- **Work item**
Transcribe exactly, please, the lines from the one containing "Ganadores de las" through the end of the records below, and leave out the pictures.

- **Data for this exercise**
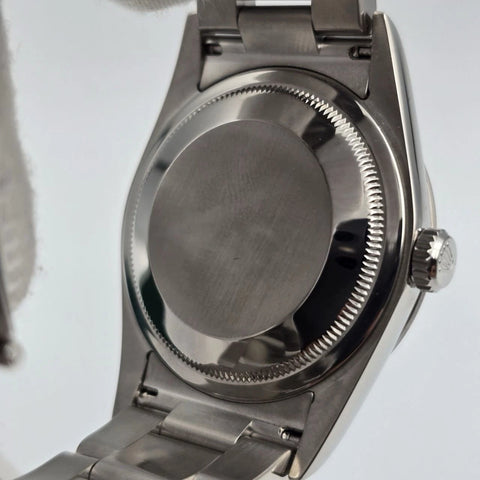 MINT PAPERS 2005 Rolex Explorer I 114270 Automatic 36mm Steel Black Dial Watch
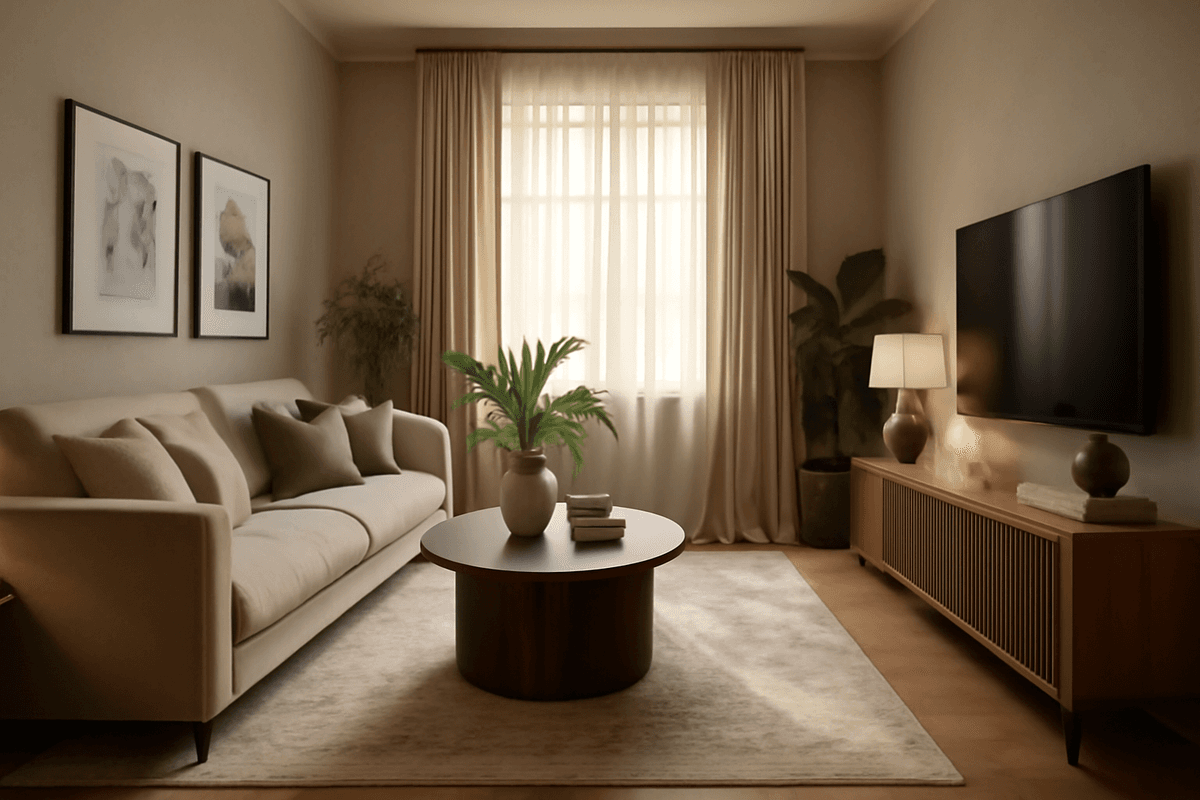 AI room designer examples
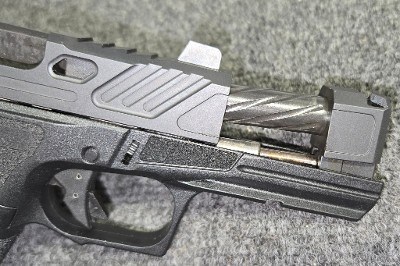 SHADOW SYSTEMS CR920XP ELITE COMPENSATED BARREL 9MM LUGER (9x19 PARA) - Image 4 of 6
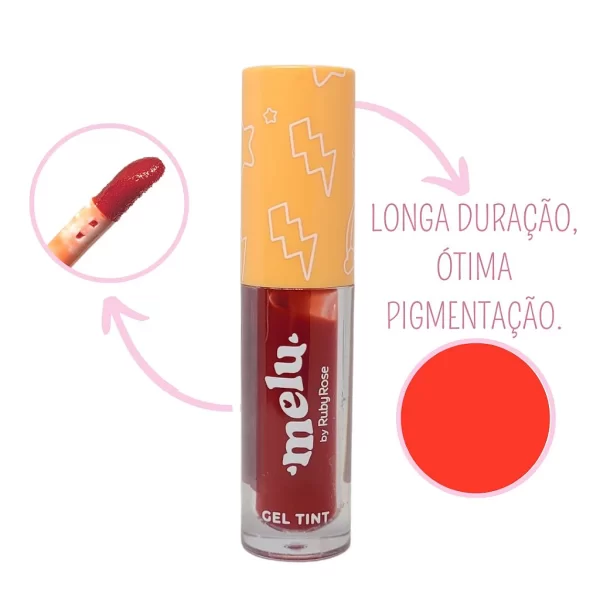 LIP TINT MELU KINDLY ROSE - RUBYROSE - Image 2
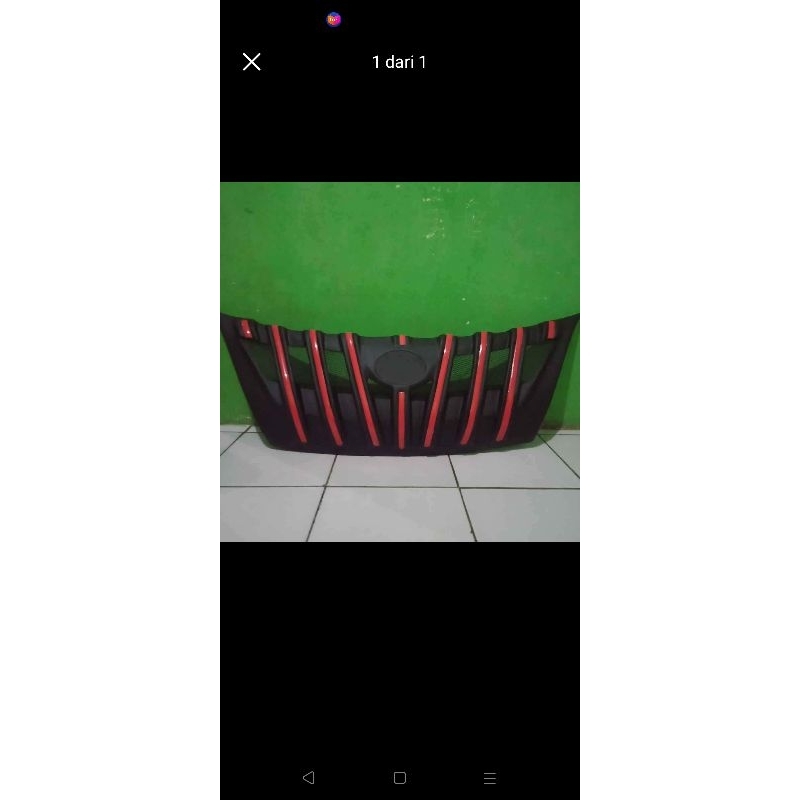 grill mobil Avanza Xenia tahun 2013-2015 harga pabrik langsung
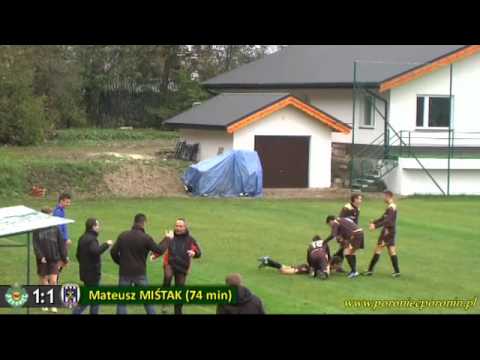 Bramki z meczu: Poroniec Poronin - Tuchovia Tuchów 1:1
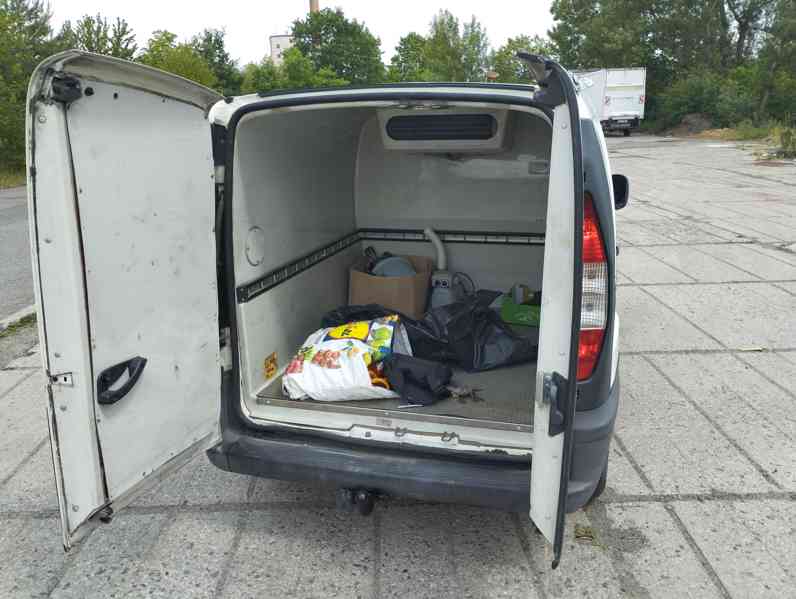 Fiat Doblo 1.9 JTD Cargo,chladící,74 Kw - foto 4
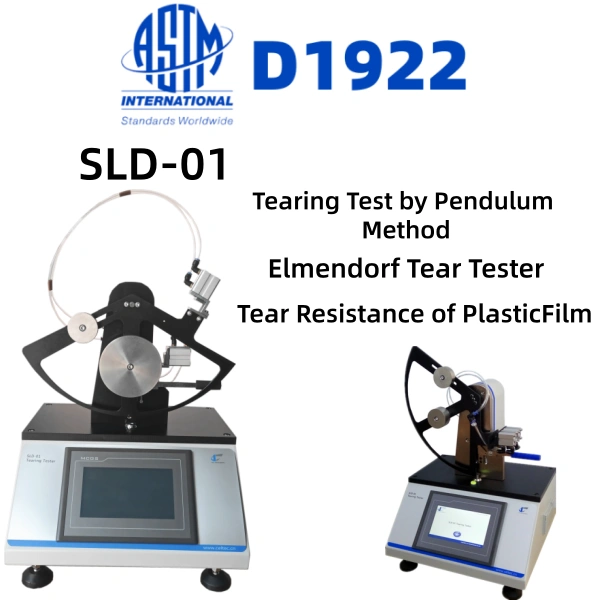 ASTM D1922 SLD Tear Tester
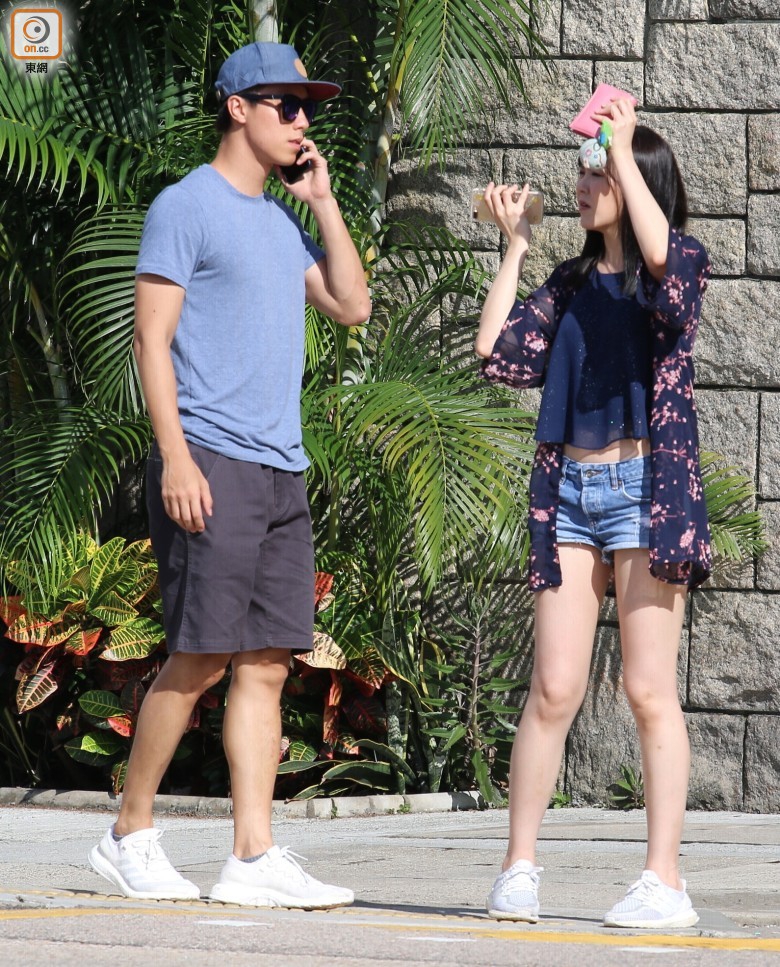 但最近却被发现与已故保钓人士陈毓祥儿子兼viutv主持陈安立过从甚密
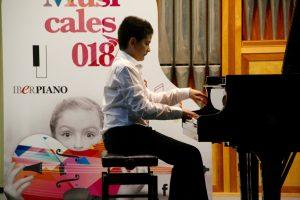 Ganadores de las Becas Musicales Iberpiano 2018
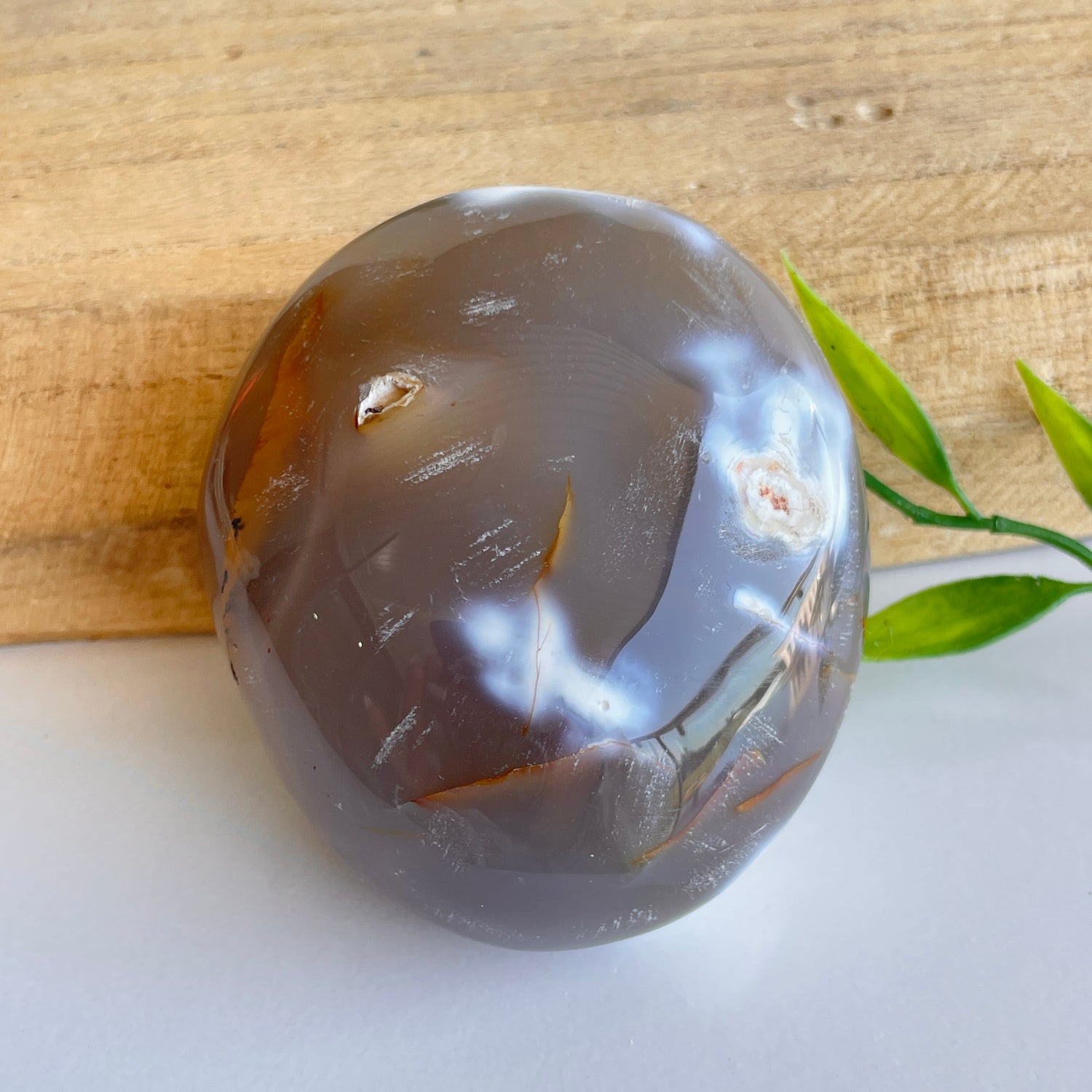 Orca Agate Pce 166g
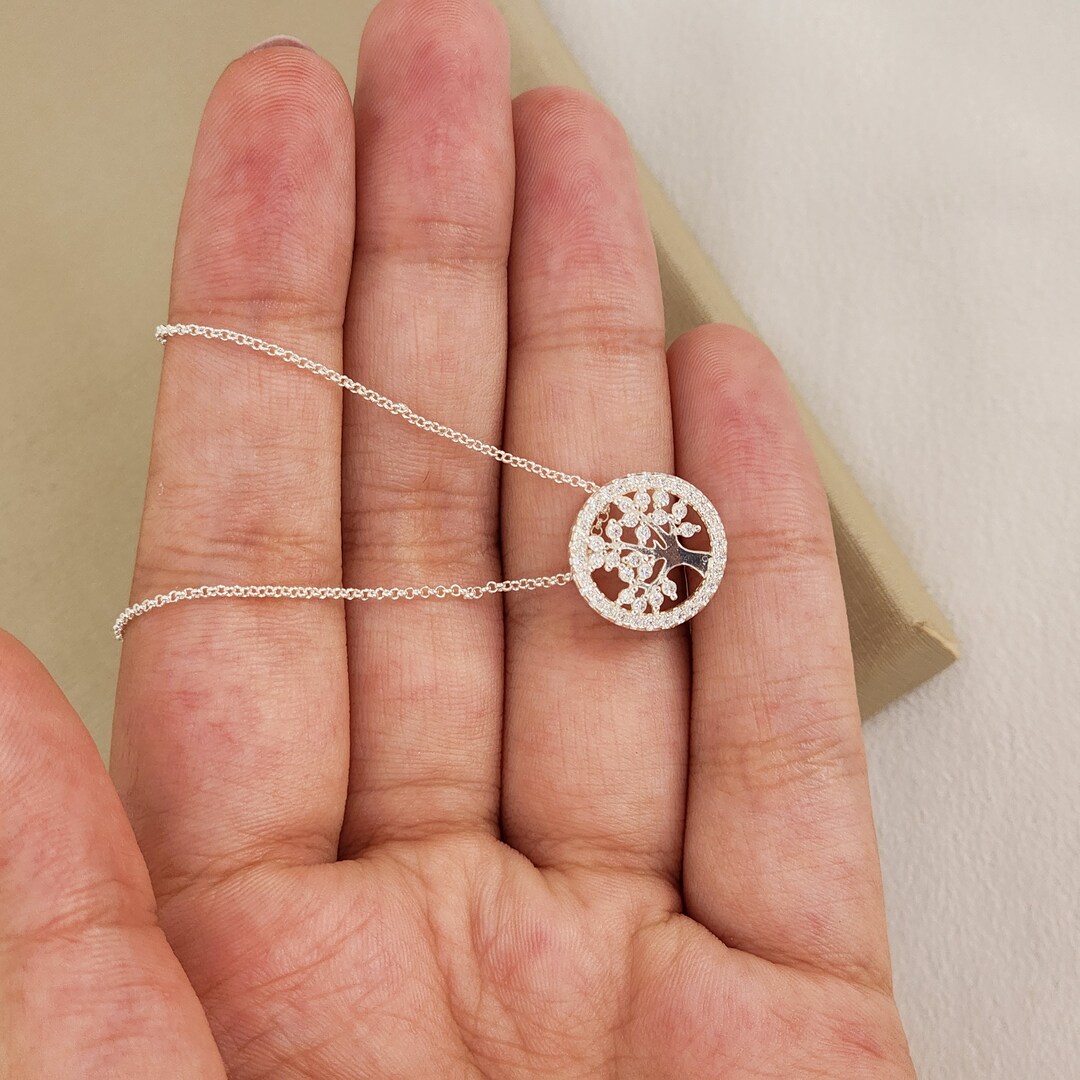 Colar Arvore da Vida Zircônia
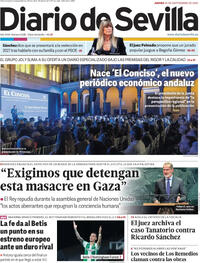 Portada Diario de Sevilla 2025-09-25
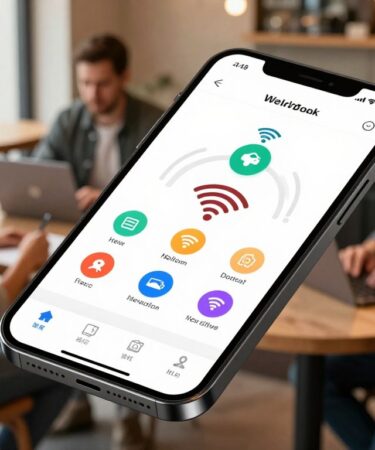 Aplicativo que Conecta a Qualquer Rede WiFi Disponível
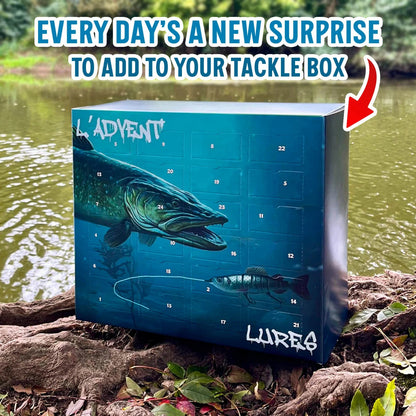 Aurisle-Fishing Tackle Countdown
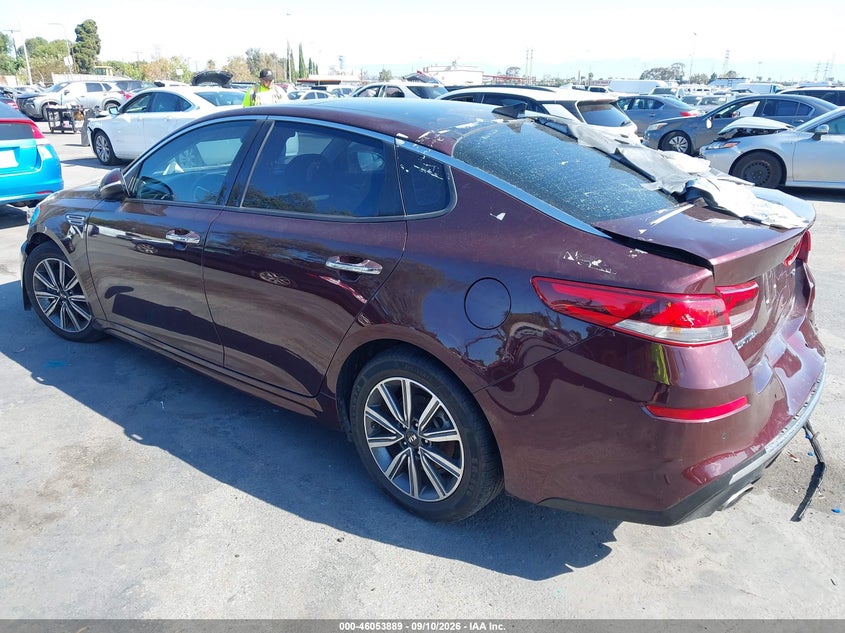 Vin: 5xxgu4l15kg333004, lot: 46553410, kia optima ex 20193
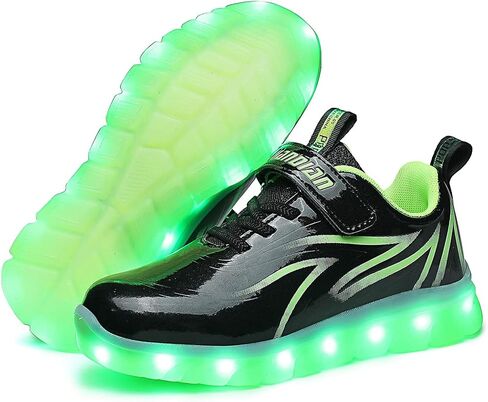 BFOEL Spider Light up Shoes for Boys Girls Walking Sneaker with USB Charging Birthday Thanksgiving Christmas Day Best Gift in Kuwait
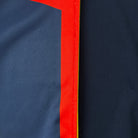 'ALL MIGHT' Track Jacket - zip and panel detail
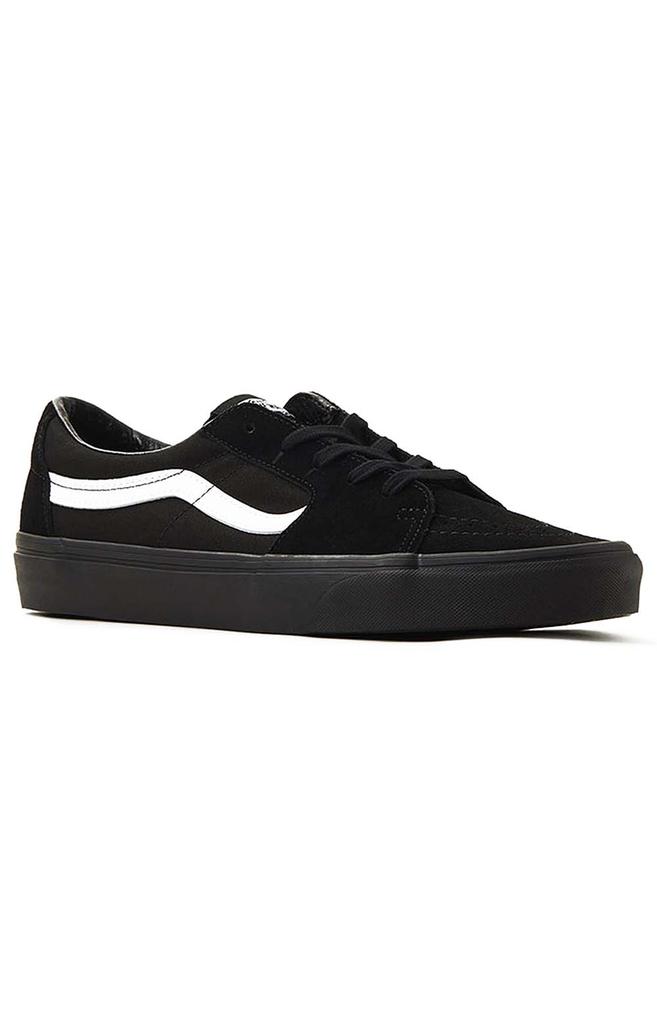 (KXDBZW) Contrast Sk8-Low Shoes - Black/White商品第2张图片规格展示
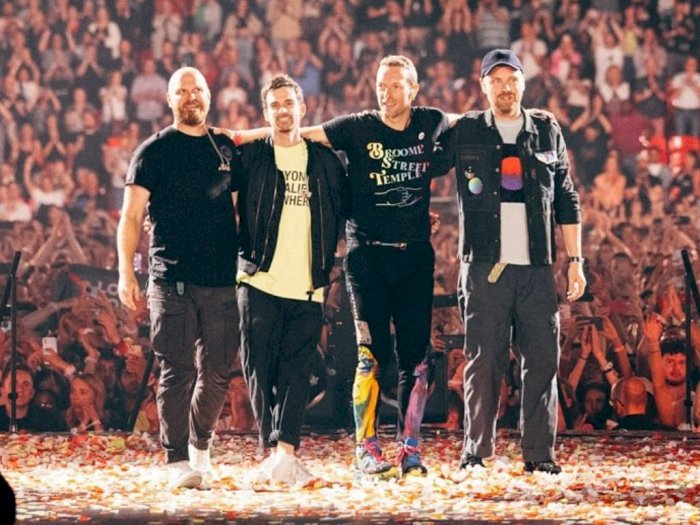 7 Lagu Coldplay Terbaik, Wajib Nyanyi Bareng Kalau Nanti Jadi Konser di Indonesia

- **Task result**
 Ganadores de las Becas Musicales Iberpiano 2018
 Orca Agate Pce 166g
 Colar Arvore da Vida Zircônia
 Portada Diario de Sevilla 2025-09-25
 Aplicativo que Conecta a Qualquer Rede WiFi Disponível
 Aurisle-Fishing Tackle Countdown
 Vin: 5xxgu4l15kg333004, lot: 46553410, kia optima ex 20193
 BFOEL Spider Light up Shoes for Boys Girls Walking Sneaker with USB Charging Birthday Thanksgiving Christmas Day Best Gift in Kuwait
 'ALL MIGHT' Track Jacket - zip and panel detail
 (KXDBZW) Contrast Sk8-Low Shoes - Black/White商品第2张图片规格展示
 7 Lagu Coldplay Terbaik, Wajib Nyanyi Bareng Kalau Nanti Jadi Konser di Indonesia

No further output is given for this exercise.